Большой Раввин, Пастух, и Малый Раввин, Скотник Богача, были сыновья Старого Раввина, который, как говорил дон Эустасио де ла Пьедра, Профессор, являлся наглядным доказательством, что человек произошел от обезьяны. Действительно, у Старого Раввина было два лишних хвостовых позвонка, что-то вроде обрубленного хвостика, и тело у него было покрыто густой, черной шерстью, и, когда у него уставали ноги, он мог легко передвигаться на четвереньках. Поэтому дон Эустасио де ла Пьедра давным-давно, еще в 33-м году, на святого Квинтиана повез его на Международный Конгресс, чтобы продемонстрировать своим коллегам, что человек произошел от обезьяны и что даже сейчас можно встретить индивидуумов, застрявших на полпути эволюции. После этого дон Эустасио всякий раз, когда принимал у себя ученых гостей, вызывал его в столицу и заставлял раздеваться и влезать на стол и медленно поворачиваться на четвереньках. Вначале Старому Раввину было стыдно, но вскоре он привык и даже позволял дону Эустасио — ведь тот был человек ученый — щупать два его хвостовых позвонка и нисколечко не смущался. С тех пор Старый Раввин, когда какой-нибудь новый человек интересовался взглянуть на его хвостик, расстегивал ремень и все показывал.

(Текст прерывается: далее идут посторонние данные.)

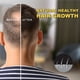 thumbnail image 2 of Sérum para el crecimiento del cabello Yanzisno1 5% Minoxidil para hombres y mujeres, 2 of 3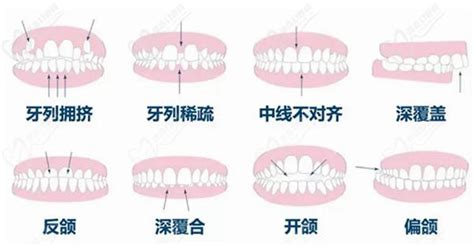 吸附性义齿和普通义齿有啥区别?固定方式及外观都有差别 - 口腔资讯 - 牙齿矫正网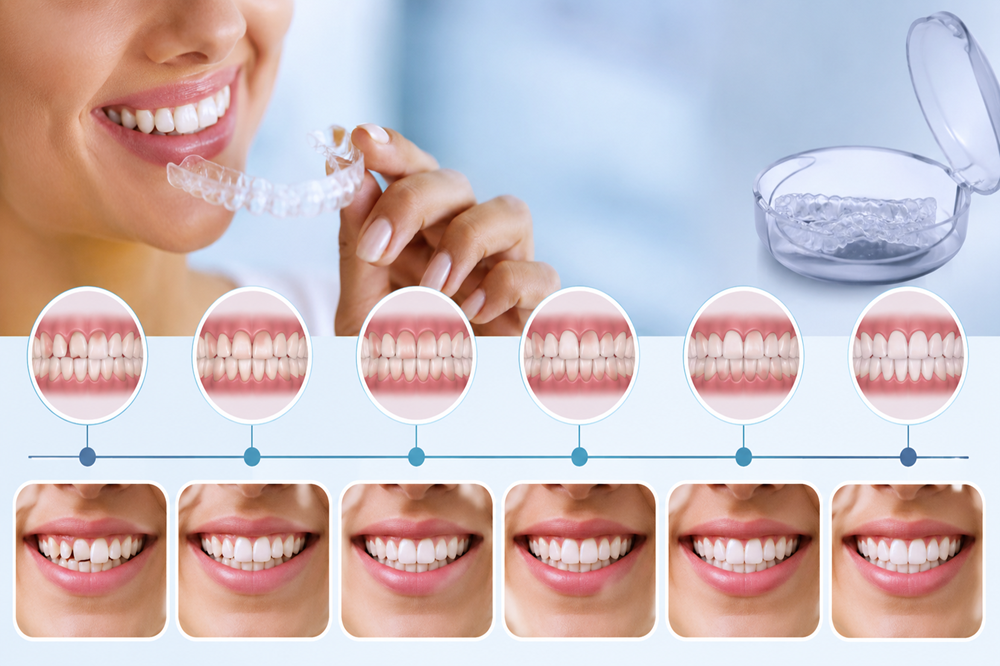 Invisalign Results What You Can Expect Month by Month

Из-за таких вот знакомств Старый Раввин, как говорила Одиннадцатая Заповедь, сбился с пути и перестал ходить в церковь. Дон Сóсимо, Большой Поп, который в то время служил у них в деревне приходским священником, бывало, говорил ему: «Раввин, почему ты не ходишь к обедне?» Старый Раввин гордо выпрямлялся и отвечал: «Бога нет. Моим предком была обезьяна. Так сказал дон Эустасио». А когда началась война, к нему заявились с винтовками пятеро парней из Торресильóриго под начальством Бальтасара из Кирико. Было это в воскресенье, и Старый Раввин вышел к ним в своем убогом праздничном костюме и тесных ботинках, и Бальтасар из Кирико толкнул его прикладом и сказал: «Теперь я тебе покажу, где коз пасут». Старый Раввин только замигал глазами и спросил: «Чего тебе надо?» И Бальтасар из Кирико сказал: «Чтобы ты пошел с нами». На груди у Бальтасара висел крест, и Раввинша смотрела на этот крест, будто о чем-то молила, потом перевела глаза на Старого Раввина, который глядел на свои ноги в ботинках; тот тихо сказал: «Погоди минутку», вошел в дом, а когда вышел, на нем было его обычное пастушеское платье и резиновые альпаргаты, и он сказал: «До свиданья». Потом сказал Бальтасару: «Я готов».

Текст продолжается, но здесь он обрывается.